-- DATA UNDER STUDY follows --

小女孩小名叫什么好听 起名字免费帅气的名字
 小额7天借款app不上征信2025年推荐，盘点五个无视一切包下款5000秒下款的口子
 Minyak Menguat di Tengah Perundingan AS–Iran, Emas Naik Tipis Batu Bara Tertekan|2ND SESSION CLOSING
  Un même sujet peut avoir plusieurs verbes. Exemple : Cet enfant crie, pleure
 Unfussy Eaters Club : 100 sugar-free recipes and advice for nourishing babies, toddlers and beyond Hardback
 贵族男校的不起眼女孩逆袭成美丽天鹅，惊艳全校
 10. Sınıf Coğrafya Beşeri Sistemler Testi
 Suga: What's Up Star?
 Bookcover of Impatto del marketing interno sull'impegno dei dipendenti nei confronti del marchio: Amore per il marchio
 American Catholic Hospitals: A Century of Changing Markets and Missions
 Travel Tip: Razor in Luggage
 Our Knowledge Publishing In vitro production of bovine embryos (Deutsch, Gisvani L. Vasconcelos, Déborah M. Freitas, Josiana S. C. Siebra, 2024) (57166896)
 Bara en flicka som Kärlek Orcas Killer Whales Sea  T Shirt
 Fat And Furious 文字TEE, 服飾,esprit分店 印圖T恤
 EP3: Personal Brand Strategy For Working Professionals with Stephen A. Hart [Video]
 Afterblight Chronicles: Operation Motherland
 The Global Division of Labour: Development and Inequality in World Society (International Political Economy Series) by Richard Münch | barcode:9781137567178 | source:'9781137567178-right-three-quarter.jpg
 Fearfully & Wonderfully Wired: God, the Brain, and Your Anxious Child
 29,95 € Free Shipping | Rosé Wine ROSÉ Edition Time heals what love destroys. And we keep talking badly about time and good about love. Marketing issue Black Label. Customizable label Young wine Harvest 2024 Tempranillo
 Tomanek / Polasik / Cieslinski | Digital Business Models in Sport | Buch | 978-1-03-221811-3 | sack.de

-- DATA UNDER STUDY concluded --

_WHAT YOU SHOULD DO_: Would you retype the lines above from the one with "小额7天借款app不上征信2" down to the one with "Fat And Furious 文字TEE, 服飾,esprit分店 印圖T恤", word for word, both ends included and no other lines?

_FINAL ANSWER_:
 小额7天借款app不上征信2025年推荐，盘点五个无视一切包下款5000秒下款的口子
 Minyak Menguat di Tengah Perundingan AS–Iran, Emas Naik Tipis Batu Bara Tertekan|2ND SESSION CLOSING
  Un même sujet peut avoir plusieurs verbes. Exemple : Cet enfant crie, pleure
 Unfussy Eaters Club : 100 sugar-free recipes and advice for nourishing babies, toddlers and beyond Hardback
 贵族男校的不起眼女孩逆袭成美丽天鹅，惊艳全校
 10. Sınıf Coğrafya Beşeri Sistemler Testi
 Suga: What's Up Star?
 Bookcover of Impatto del marketing interno sull'impegno dei dipendenti nei confronti del marchio: Amore per il marchio
 American Catholic Hospitals: A Century of Changing Markets and Missions
 Travel Tip: Razor in Luggage
 Our Knowledge Publishing In vitro production of bovine embryos (Deutsch, Gisvani L. Vasconcelos, Déborah M. Freitas, Josiana S. C. Siebra, 2024) (57166896)
 Bara en flicka som Kärlek Orcas Killer Whales Sea  T Shirt
 Fat And Furious 文字TEE, 服飾,esprit分店 印圖T恤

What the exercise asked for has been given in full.